Convolution of two exponential functions where x > 0

convolutionexponential distributionprobabilityprobability distributionsrandom variables

Assuming $X$ and $Y$ are i.i.d. random variables let $Z = X + Y$
$$
f_X(x) =
\begin{cases}
\lambda e^{- \lambda x} & x \gt 0 \\
0 & \text{else}
\end{cases}
$$

$$
f_Y(y) =
\begin{cases}
\mu e^{- \mu x} & x \gt 0 \\
0 & \text{else}
\end{cases}
$$

Find the density $f_z$ of $Z$.

I have attempted to use convolution with indicator functions, but am yet to get the right answer.

$$
f_X(x) * f_Y(y) = \int_{-\infty}^{\infty} f_X(x)f_Y(z-x) dx \\
= \int_{0}^{\infty} \lambda e^{- \lambda x} 1_{[x \gt 0]} \mu e^{- \mu (z-x)} 1_{[z-x \gt 0]} dx \\
$$

since $z-x \gt 0$ can be written as $z \gt x$ I believe the product of the two indicator functions should be $\text{max}\{0, z\}$, but this is where I become uncertain as I think that would make the integral:

$$
= \lambda \mu e^{-\mu z} \int_{\text{max}\{0,z\}}^{\infty} e^{- \lambda x} e^{\mu x} dx \\
$$

Intuitively, I feel I have messed up as the integral from z to infinity is contained in both the solutions for $z \gt 0$ and $z \lt 0$. More concretely I know I have messed up as evaluating the integral leaves me with:

$$
\begin{cases}
\mu \lambda e^{- \mu z } \left[ e^{-x(\lambda – \mu)} \right]_z^\infty & z \gt 0 \\
\mu \lambda e^{- \mu z } \left[ e^{-x(\lambda – \mu)} \right]_0^\infty & z \lt 0
\end {cases}
$$

$$
=
\begin{cases}
\frac{\mu \lambda}{\lambda – \mu} e^{- \lambda z } & z \gt 0 \\
\frac{\mu \lambda}{\lambda – \mu} e^{- \mu z } & z \lt 0
\end {cases}
$$

which does not agree with the solution listed in the book I am studying with:

$$
f_Z(x) =
\begin{cases}
\frac{\mu \lambda}{\mu + \lambda} e^{\lambda x} & x \lt 0 \\
\frac{\mu \lambda}{\mu + \lambda} e^{- \mu x} & x \ge 0
\end{cases}
$$

This solution really confuses me, as I do not understand how the convolution of two functions that are strictly equal to 0 when $x \lt 0$ could be a function that has non zero values for $x \lt 0$.

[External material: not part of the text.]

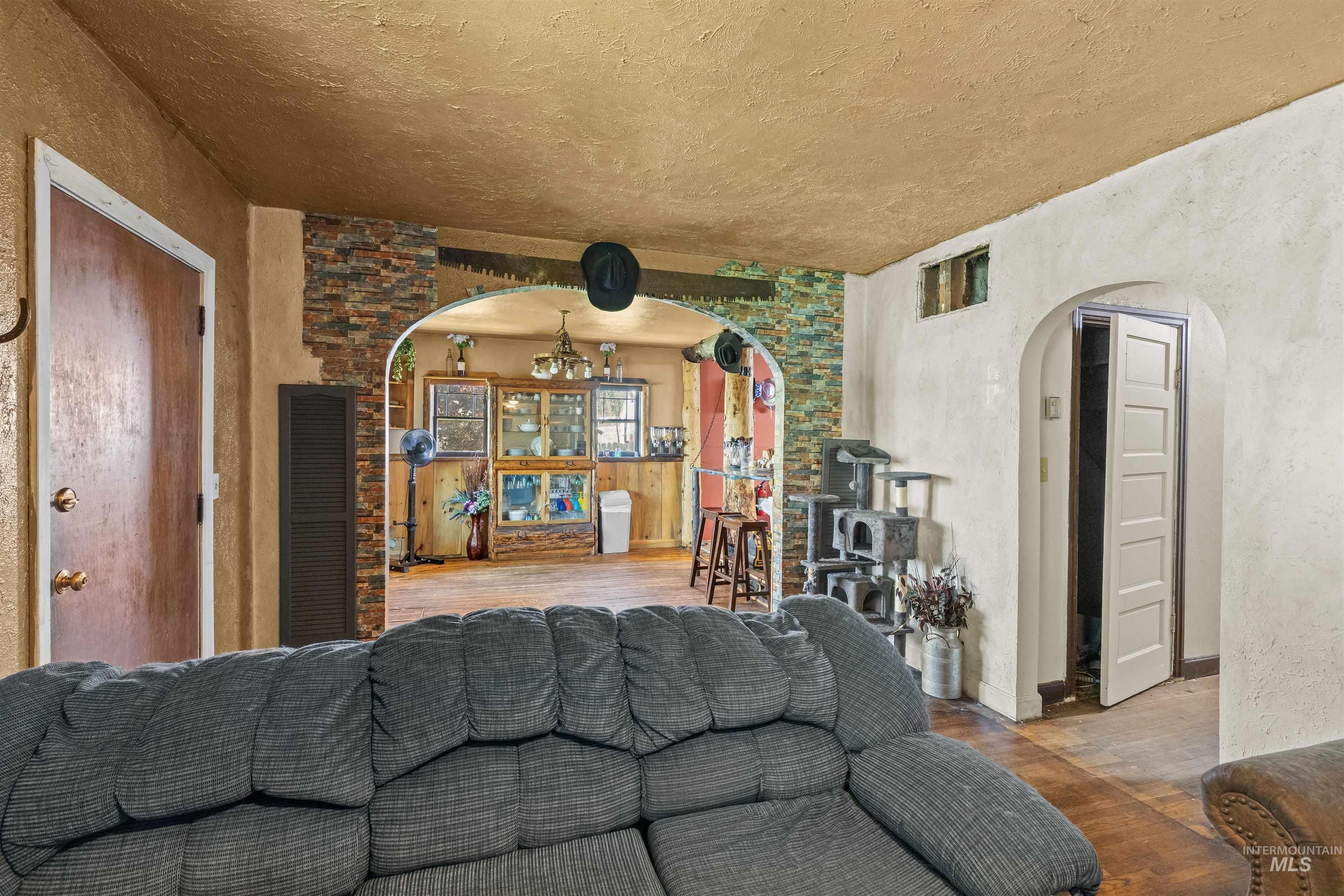 454 Mt Idaho Grade Rd, Grangeville, Idaho 83530, 4 Bedrooms, 1 Bathroom, Residential For Sale, Price $374,900, 98987772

Does anyone have any suggestions on how to fix the integral or intuition on why this convolution works the way it does?

Best Answer

Obviously, the pdf of $Z$ is zero for $Z<0$. Also, since $Z=X+Y$, for any given value of $Z=z$, $X\le z$. Thus, the upper limit of the integral is $z$, not $\infty$. So the pdf of $Z$ for $Z\geq 0$ is

$f_Z(z)=fX(x)∗fY(y)=\int_0^\infty f_X(x)f_Y(z−x)dx=\int_0^z λe^{−λx}μe^{−μ(z−x)}dx$,

that is,

$f_Z(z)=λμe^{-μz}\int_0^z e^{-(λ-μ)x} dx$.

The rest derivation is straightforward. Simply remember to deal with two cases separately, that is, Case I: if $λ = μ$, and Case II: if $λ \neq μ$.